Flexible work has moved from a benefit to a baseline expectation for a large share of Canada's knowledge worker population. For Canadian SMBs competing against remote-first companies and large employers with full HR departments, offering well-designed flexible arrangements can be a meaningful retention and recruiting tool — without requiring the compensation budget of a Bay Street firm. This guide covers the types of flexible arrangements, their ESA implications in Ontario, what the evidence says about productivity and retention, and how to pilot arrangements before committing to them permanently.
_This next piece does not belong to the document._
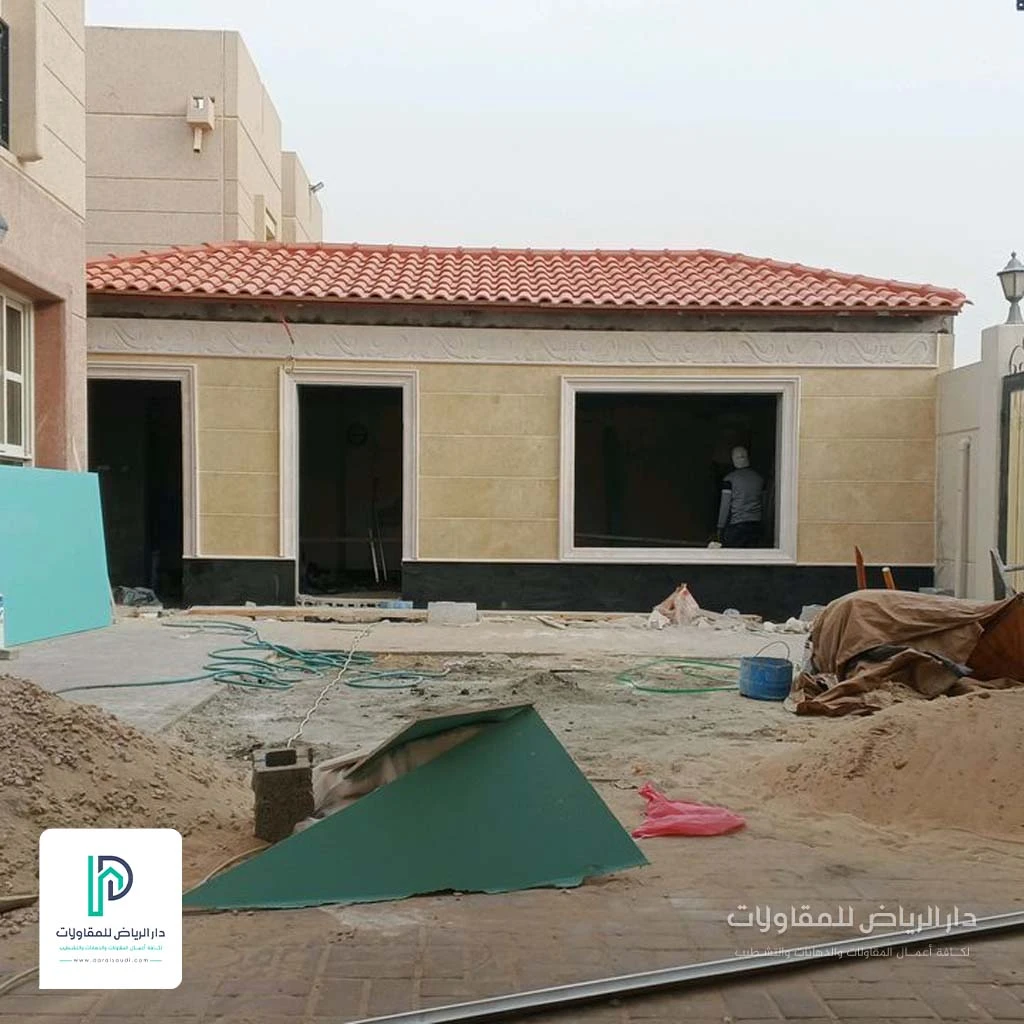 مقاول بناء توسعات حي الفوطة في الرياض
Types of flexible work arrangements Canadian SMBs offer
Not all flexible arrangements are the same, and choosing the wrong model for your team type and business hours can create more friction than they solve. The four most common in the Canadian SMB context:
- Compressed workweek (4×10 or 4×9). Employees work the same total weekly hours but compressed into four days instead of five. A 4×10 schedule means four 10-hour days; a 4×9 (popular in some Ontario professional services offices) means four 9-hour days plus one 4-hour half-day. This arrangement works well for roles where continuity matters less than output (e.g., accounting, writing, software development) and poorly for roles requiring daily coverage (e.g., reception, customer service).
- Flex time / core hours model. Employees choose their own start and end times within a defined window, provided they are present during a core block (e.g., 10am–3pm). A team might have core hours from 10am to 3pm with employees starting anywhere from 7am to 10am and finishing accordingly. This is the most common flexible arrangement in Toronto knowledge-economy businesses and works well for roles without fixed client-facing hours.
- Hybrid schedule. Employees split their working week between the office and a remote location. The most common Canadian SMB hybrid model is three days in office, two remote — though the precise split varies by role and team. Hybrid arrangements require clear documentation of which days are in-office, how collaboration is structured, and what the expectations are for fully remote work outside the hybrid schedule.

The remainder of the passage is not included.